Tuesday, April 20, 2010

News Sweep

Two LGBT-related cases currently face the Supreme Court: On Monday, the justices considered the rights of a Christian student group to bar gay members from leadership positions. Next week, the court will hear arguments about whether the names of people who signed a petition to place an anti-gay-rights measure on the ballot in Washington State should be kept secret.

The New York Times sheds light on difficulties same-sex families often face when visiting their loved ones in the hospital.

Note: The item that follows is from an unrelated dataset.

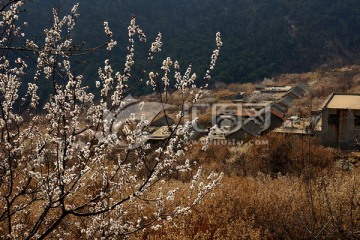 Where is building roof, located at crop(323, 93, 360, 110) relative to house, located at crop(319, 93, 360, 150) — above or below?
above

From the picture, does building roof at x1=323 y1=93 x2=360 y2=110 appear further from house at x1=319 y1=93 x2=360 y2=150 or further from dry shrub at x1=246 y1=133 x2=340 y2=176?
dry shrub at x1=246 y1=133 x2=340 y2=176

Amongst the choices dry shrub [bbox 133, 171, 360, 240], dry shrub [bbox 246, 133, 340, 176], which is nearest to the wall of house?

The Times' City Room blog is taking questions from readers about transgender issues to be answered by the doctor-editor of “Trans Bodies, Trans Selves,” a resource guide for transgender people, which will be published in 2011.

Supporters of the repeal of “Don’t Ask, Don’t Tell” are asking Obama for a re-commitment to ending the policy and charging that administration officials have been discouraging Congressional action behind the scenes.

Monday, April 19, 2010

Let's Get Cracking on GENDA

The current issue of Gay City News has an excellent column on the need to pass GENDA in the Senate:

Let's Get Cracking on GENDA
by Paul Schindler

New York’s transgender community is holding a promissory note from the state government in Albany that is well past due.

In 2000, when New York State passed the first statute offering protections to the LGBT community — in that case, from bias-related hate crimes — its provisions only covered gay men and lesbians, not transgender and other gender-variant individuals. Even though many leaders in our community lamented that oversight, two-and-a-half years later, the Legislature, in finally adopting a nondiscrimination law, again left out language regarding gender identity and expression.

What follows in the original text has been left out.